Many activists fighting against education reform are already on top of pushing back and calling for action against this bill, as well they (and we) should be. Like many of my friends and colleagues I am also strongly opposed to a voucher system for school funding and this bill.
But beyond an effort to reject this bill, I wonder — what is the goal of the long game? and dare i ask …how much of a difference would this bill make whether it passed or not? I know that sounds jaded. The bill is a total shit shop. But let’s zoom out.
Take a deep examination of the larger chess board.
The agenda set forth in this Choice bill can be found in other iterations within the fine print of ESSA, a bill crafted by Lamar Alexander. which many public education advocates supported (I did not). I did not support ESSA because, despite all of its nice sounding promises, the devil was (as always) in the details. ESSA, like Choices in Education Act opens the flood gates for vouchers, charters, and other forms of privatization. So while I do oppose the Choices in Education bill…. We need to be fighting a much bigger game.
We cannot win this fight by shooting down every single bill they throw at us, because they have endless money, resources, and legal power to keep ‘em coming. How many letters and calls to representatives who are likely already sold out can we make? They could win simply by exhausting us… by having us chase every single bill they peel off the ALEC playbook. I suggest that we pause and zoom out and take a long look at what is to come and develop a long game strategy above and beyond our short game battles.
For example, the alt right agenda from Breitbart also opposes the Choices in Education bill.
You know you’re down the rabbit hole (as a progressive “leftist”) when are you are opposing the same bill as them! Breitbart folks are opposed to the governmental oversight (strings attached) of school choice that come with this bill. Conversely, progressive advocates for public education oppose this bill because it opens the flood gates for vouchers which are harmful to the support needed for public schools. So in swatting down this bill….do we win? Or, does the alt right? Can we both win at the same time when we want such dramatically different things?

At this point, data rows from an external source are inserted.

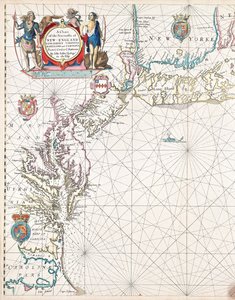 Mapa wybrzeży morskich Nowej Anglii, New Jersey, Wirginii, Maryland i Karoliny od Cape Cod do Cape Hatteras
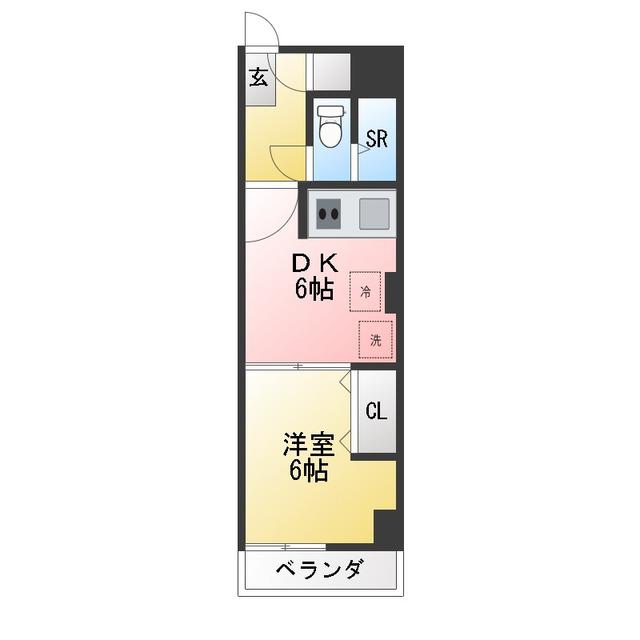 ベルメゾン池袋(1DK/2階)の間取り写真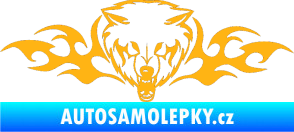 Samolepka Animal flames 038 levá  vlk světle oranžová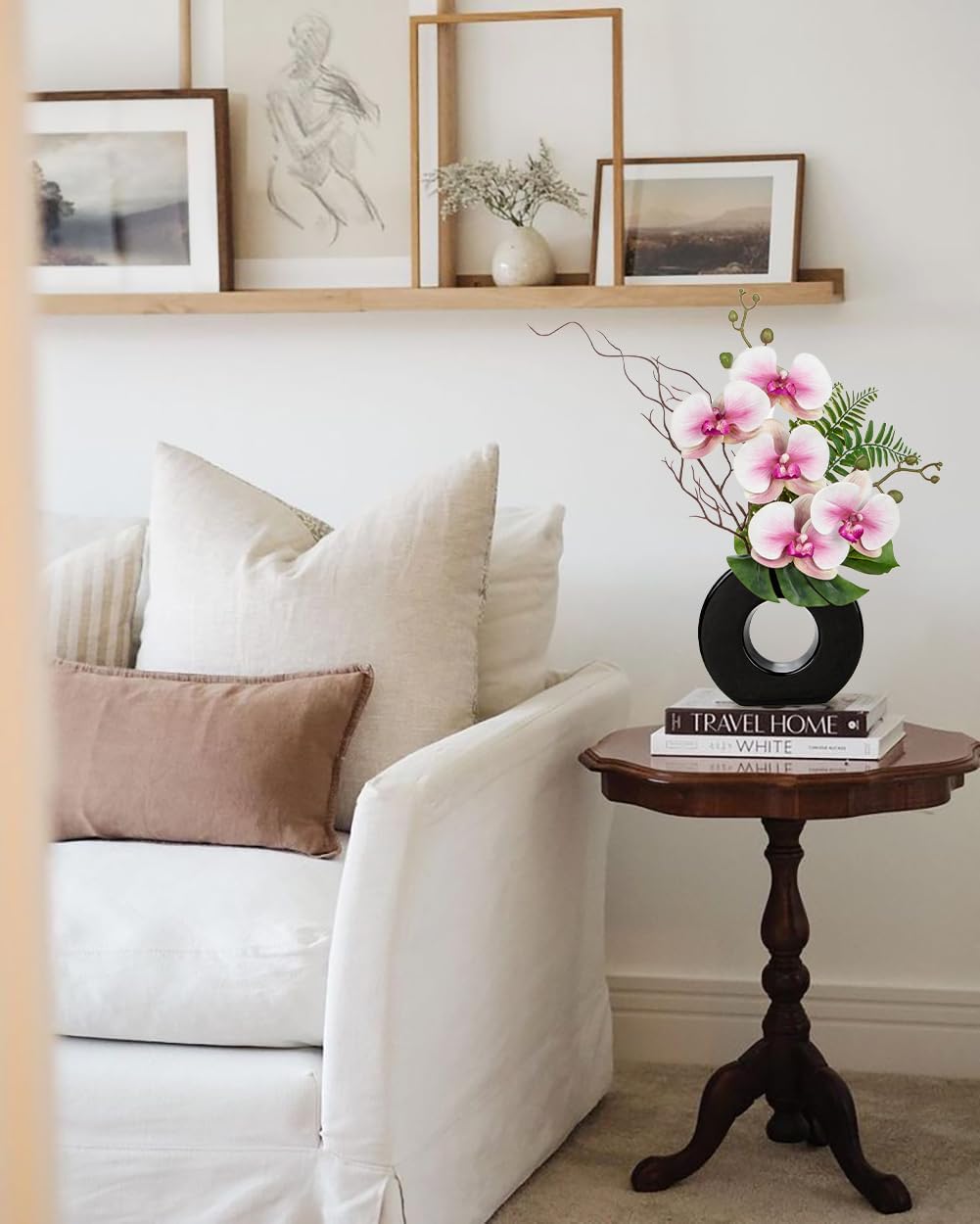 Briful Pink Orchid Fake Flowers with Vase, 16.1'' Artificial Orchid Silk Flowers Faux Orchid Arrangement for Home Office Dining Room Table Centerpiece Modern Decoration - Image 5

This Choices bill both opens the portal for greater voucher schemes, yet keeps those religious and private institutions on a tighter leash of accountability. That’s the funny thing about words like accountability—it’s a double edged sword. If you are a left-leaning person, you might wish to see greater accountability for religious, charter, and other private institutions who want to replace science with creationism and engage in all types of exclusionary practices. We like accountability when it is in the name of ensuring equity of resources or quality. But accountability is a fickle creature-it turns on us and becomes NCLB and high stakes testing. So we find that the things in themselves are only as good or as bad, or something we support or not, to the extent to which they serve us and our interests.
Betsy Devos is a train crash. But the groundwork to privatize public education was laid well in advance of her hair- brained appointment. (30 years by my estimate). It was laid by a TWO party system. As Glen Ford of The Black Agenda Report says, “In their zeal to confront and delegitimize Donald Trump, the Democrats primp and posture as if in genuine opposition to President Cheeto’s governance-by-billionaires. But, charter school privatization, like U.S. wars, is a project of both wings of the ruling class duopoly.”

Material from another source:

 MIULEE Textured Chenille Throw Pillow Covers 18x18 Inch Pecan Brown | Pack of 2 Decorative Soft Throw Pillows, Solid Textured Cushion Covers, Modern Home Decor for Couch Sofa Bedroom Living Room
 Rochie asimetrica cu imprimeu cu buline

So we have been punched in the face by the likes of Devos and a corporate conservative agenda, but we have also been stabbed in the back by the pseudo-liberal Democrat efforts to roll out a “kids-for-profit” plan under the guise of “civil rights.” The tinder was laid. Betsy just needs to light the match.

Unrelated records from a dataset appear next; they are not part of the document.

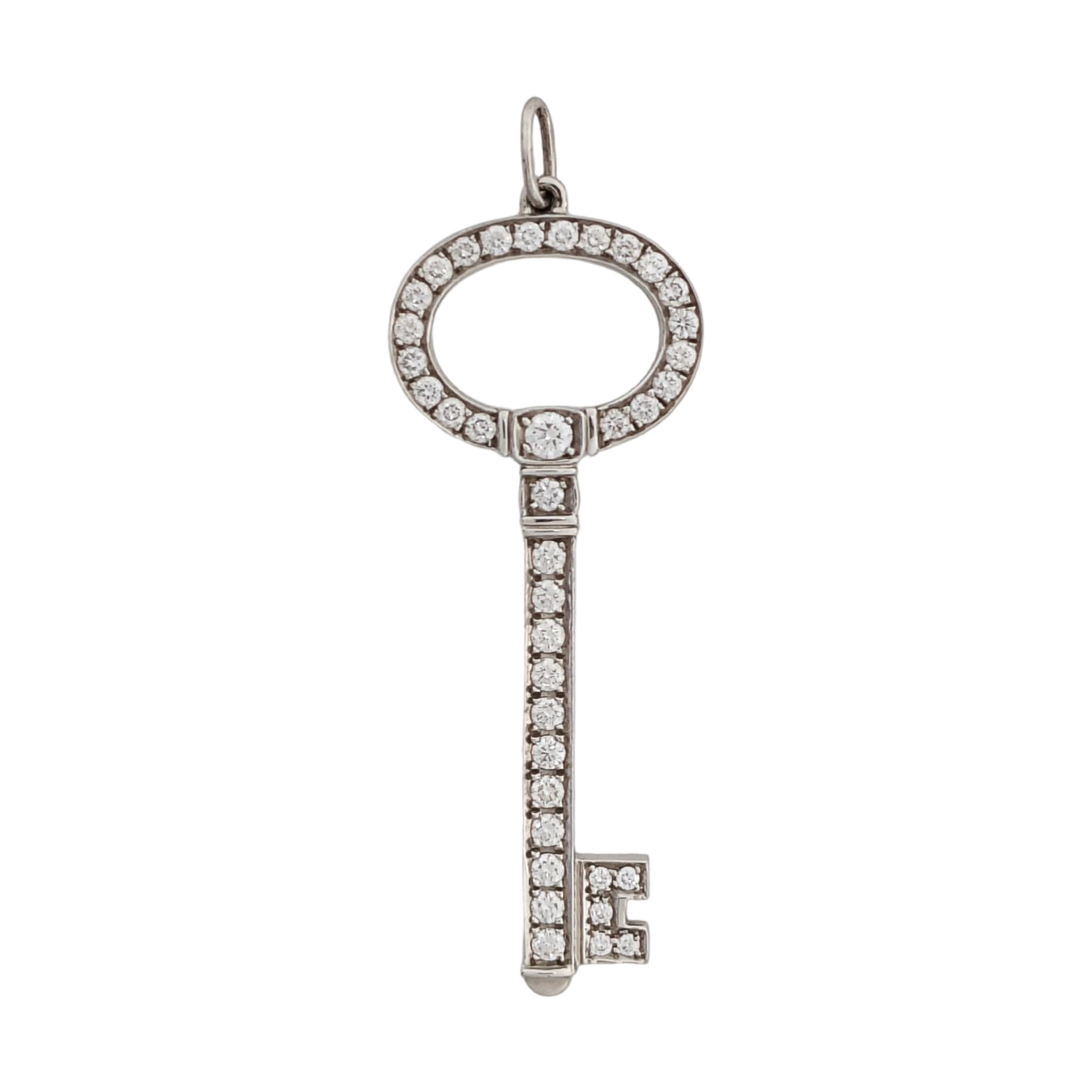 Tiffany Keys 18k White Gold Silver Pendant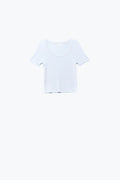Q2 Short Sleeve sweater In baby blue With Silver Seam at Round Neck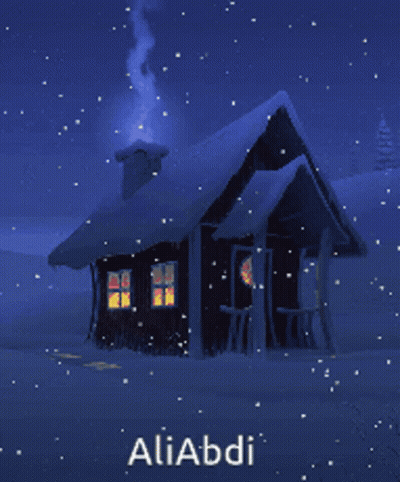 A Picture Of A Snowy Cabin With The Name Aliabdi On The Bottom GIF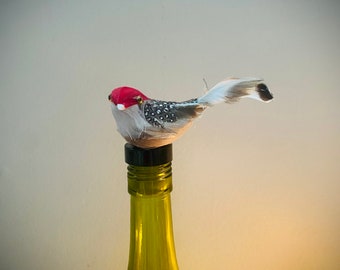 Bird Wine Stopper, Finch Wine Stopper, Finch Gift, Bird Watcher, Bird Wine Gift, Wine Gifts, Finch, Wine Bar, Bird Lover Gift,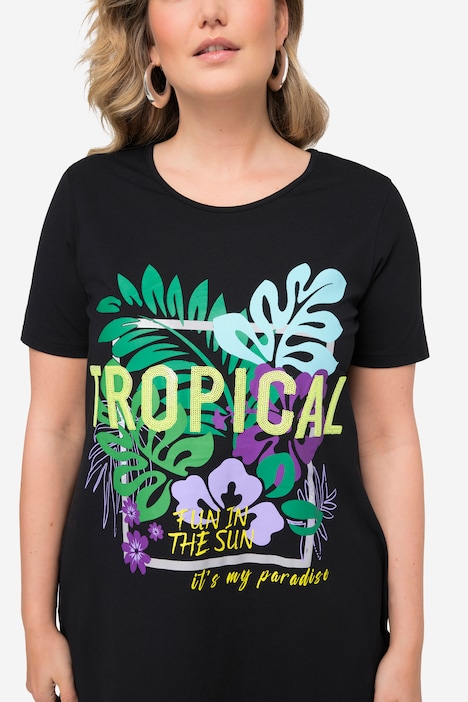 T-Shirt, lang, TROPICAL Motiv, Rundhals, Halbarm
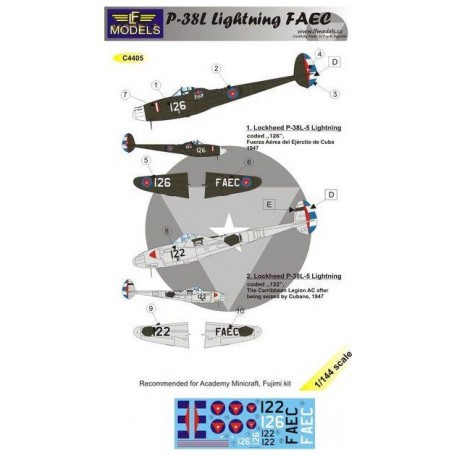 Decals Lockheed P-38L Lightning FAEC CUBA 1947 (2 decal options) designed to be used with Academy, Fujimi and Minicraft kits) 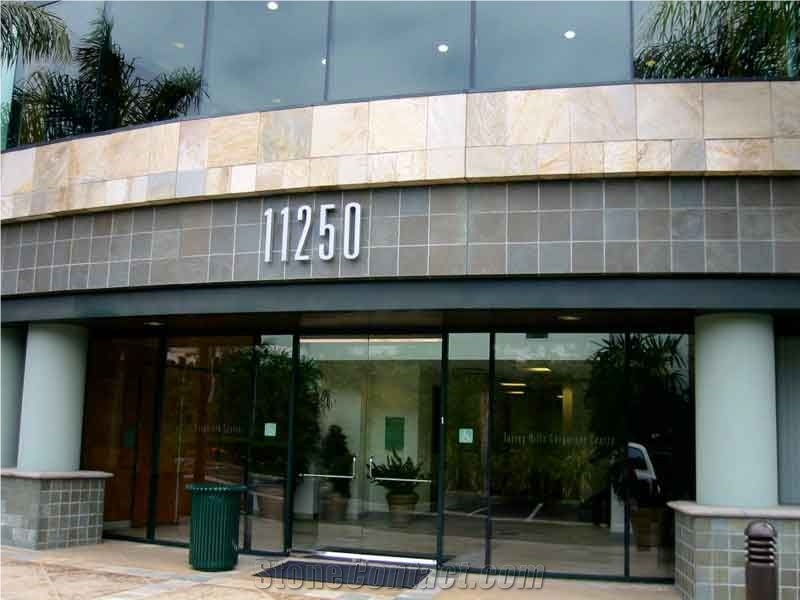Desert Gold Quartzite and Brazillian Green Slate Facade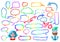 Colored arrows, speech bubbles set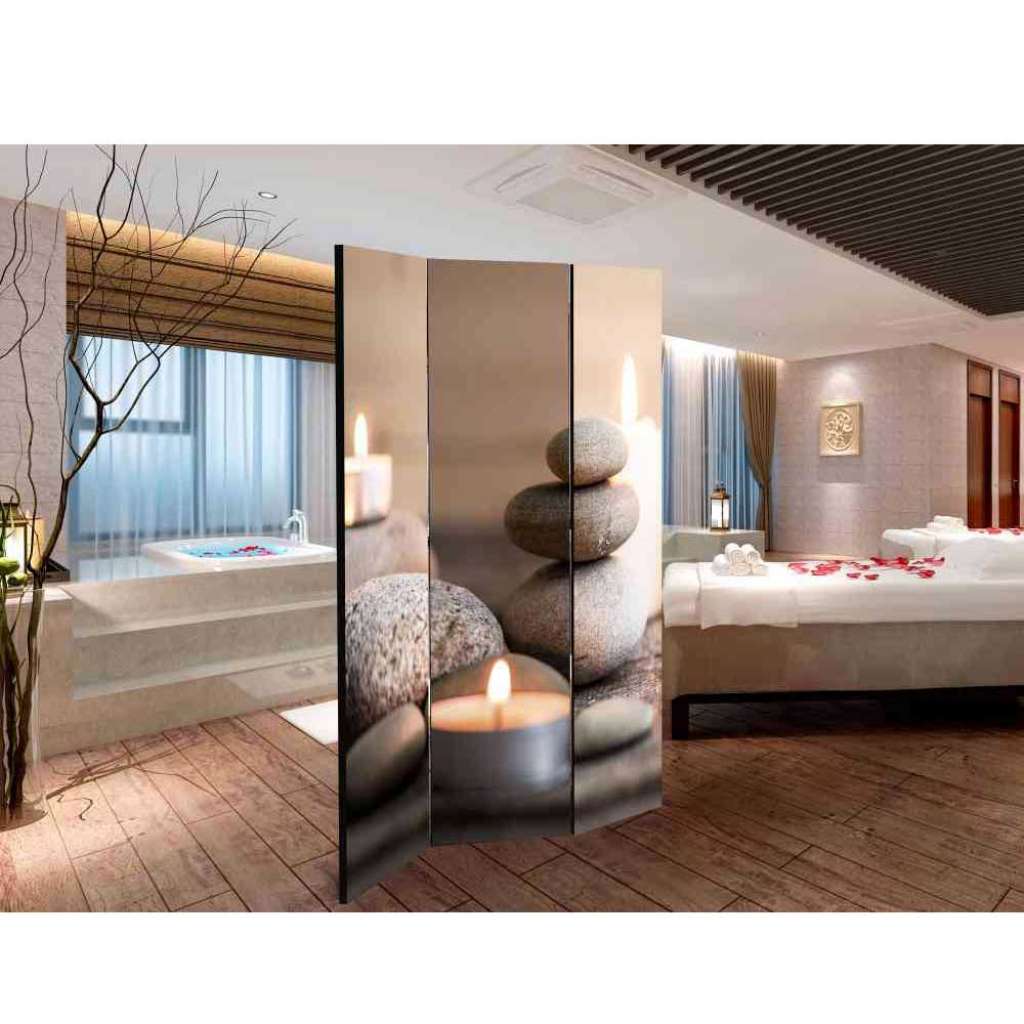 3 teiliger Paravent im Zen Look modern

Look at the long game. Whether we swat down every bullshit bill Devos or other representatives of ALEC put forward or not, the dismantling of public education might go on while we are otherwise distracted. The tentacles of a corporate agenda are so deeply baked into our public schools. Competency Based Education (CBE) does exactly the same thing that charters do- it puts public monies into private hands, and allows private interests to determine the educational outcomes for children.
So the opposite of charter schools is no longer simply traditional “public” schools as they are now (infused with outsourced curriculum and assessments). ESSA both supports the open-faced goal of supporting more charters but it also promotes the close-faced goals of privatization under the guise of “public.” The corporate agenda has cornered the market in every conceivable direction.
They strategize by looking at the long game. So should we.
What do we want?
We can play whack-a-mole and knock out every bill they drop into the chute. But we need more. We need to clearly focus on what it is we want, and see how the corporate reformers play this game. Not only through blatant affronts to democracy via vouchers, but also through bait-and-switch, and through high jacked narratives (as was done once upon a time with testing and charters sold to us in the name of equity, though now we are largely wise to that game—we need to remember that tactic and learn from it).
ESSA and this Choice Act both are set up to deliver the same outcome.
They only look different from the outside, but read the details: philanthropic control via community schools (or) vouchers, pay-for-success, predictive analytics, online corporate outsourcing….they all lead to the same end. ESSA supporters promised that this policy would relieve us of the burden of annual standardized testing, but instead we got every day online assessments. Different delivery system-same outcome-corporate ownership of profits, curriculum and student data.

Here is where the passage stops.